It’s hard to serve quality food at a big event. There are more people, less parking spots, longer lines…Food quality is often sacrificed in favor of speed and convenience. Many local Irish pubs and delis, whose food I normally love, suffer a dip in quality on St. Patrick’s Day. The Lucky Dill in Palm Harbor, FL is an exception. Their menu of Irish food expands on St. Patrick’s Day and somehow the corned beef seems extra tasty.
When we arrived at the Lucky Dill, around 7pm last night, their regular parking lot was already full, but a parking attendant directed us onto a patch of grass in front of the restaurant. Outside the restaurant, a small bar, patio tables, and chairs sat under striped tents. We ordered some green beer at the bar and sat at one of the outside tables while we waited for a table inside.
After about 15 minutes, a waiter came to our table outside and asked if we would like to order an appetizer. There were a lot of great choices on the special St. Patrick’s Day menu, including Reuben egg rolls and Reubenettes. Reubenettes are mini corned beef reubens, with a mound of corned beef and sauerkraut stuffed between two slices of cocktail rye bread. You get three miniature reubens, a bowl of fries, and a side of Thousand Island dressing with each order. As we ate, we heard a bagpipe player in the parking lot play Amazing Grace.

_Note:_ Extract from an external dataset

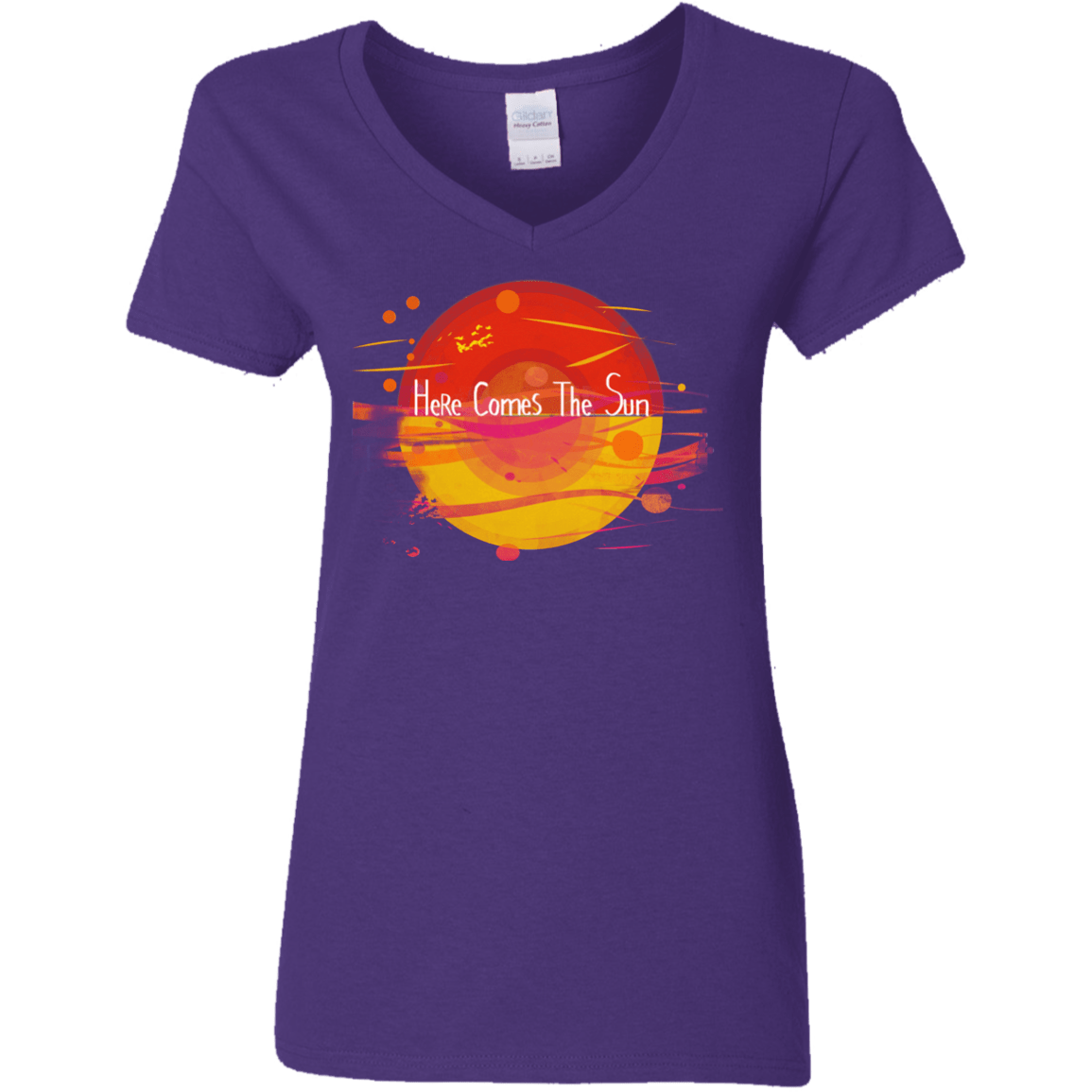 T-Shirts Purple / S Here Comes The Sun (1) Women's V-Neck T-Shirt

A table became available inside just as we were finishing our appetizer. We were seated in an extra dining room behind the bar, fully decorated for St. Patrick’s Day with green-and-white balloons, streamers, and shamrock mobiles.

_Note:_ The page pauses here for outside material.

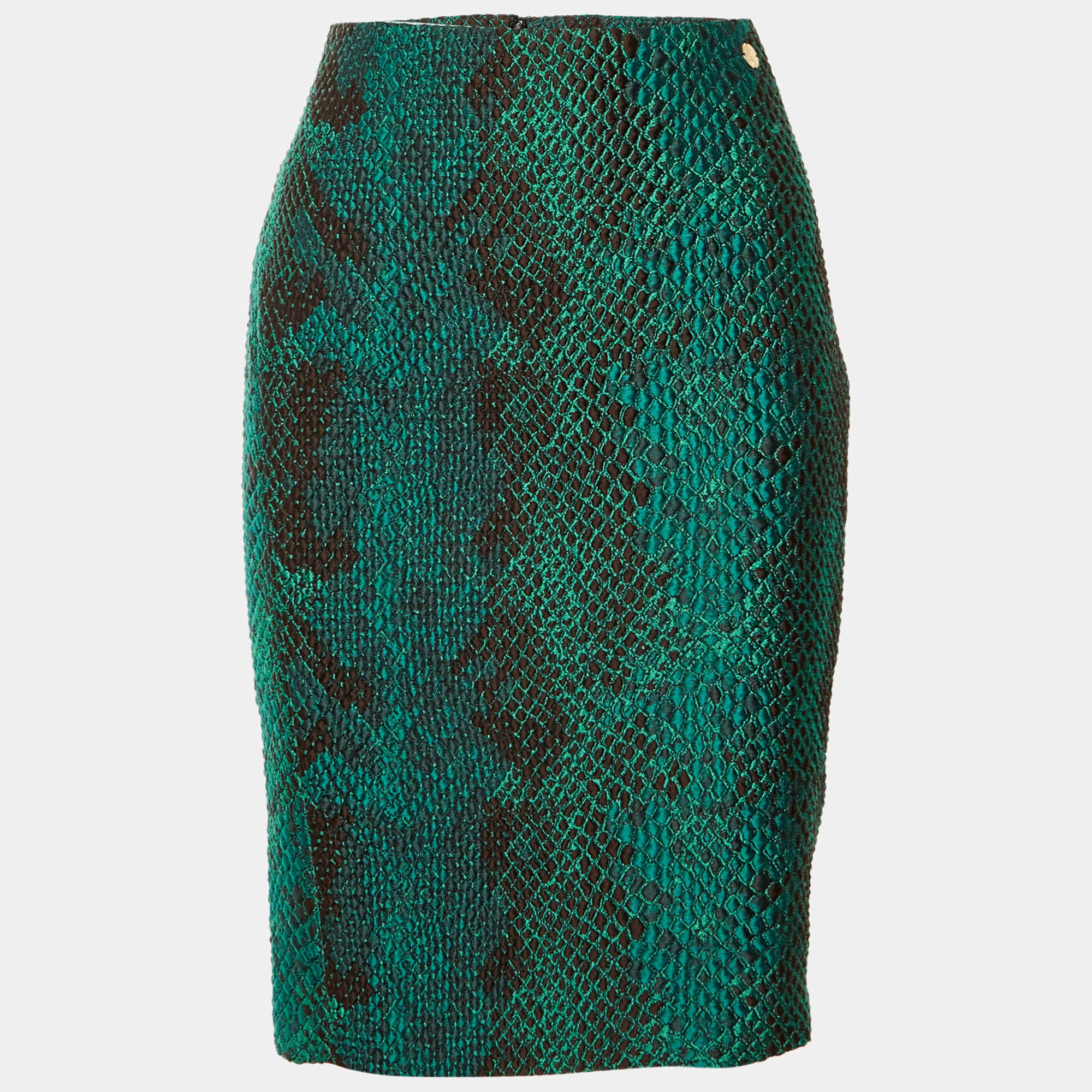 Pre Owned تنورة فيرساتشي كولكشن قماش مُحبحب أخضر صغيرة - ميديوم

The entrée selections were an impressive collection of Irish specialties, including Corned Beef & Cabbage, Bangers & Mash, Shepherd’s Pie, Guinness-braised Ribs, Hot Corned Beef Sandwich, and Reuben sliders. After ordering, our waitress brought us the customary bread basket; instead of the standard deli rolls, it was filled with Irish Soda Bread.
These soft rolls, filled with caraway seeds and raisins/currants, tasted like a mild rye bread. This was the first opportunity I’d ever had to try Irish Soda Bread, and I actually enjoyed it more than the usual bread offering. For my entrée, I had Bangers & Mash: 4 Irish Sausages on top of a bed of creamy mashed potatoes with gravy. The mashed potatoes were buttery and peppery and absolutely delicious paired with tender Irish sausages and gravy.
Finally, every meal + drink purchase at The Lucky Dill comes with free dessert. Normally you have your choice between cheesecake or apple strudel, but on St. Patrick’s Day you get Irish Flag Cake, a white layer cake dyed the colors of the Irish flag. As you can see below, each slice was topped with St. Patrick’s Day sprinkles.
As delicious as this meal was, St. Patrick would have never eaten this stuff. St. Patrick lived in 5th century Ireland, long before corned beef and quick breads were invented. According to Irish Central, St. Patrick’s diet likely consisted of milk, butter, cheese, leavened bread, eggs, fish, seaweed, honey, and apples. Potatoes weren’t introduced to Ireland until the 17th century. Sausages weren’t called Bangers until World War I, when they were made with so much water they often popped upon cooking. March 17th didn’t become an official Christian feast day until the early 17th century—12 centuries after St. Patrick’s death. The feast continues through this weekend at The Lucky Dill in Palm Harbor, FL.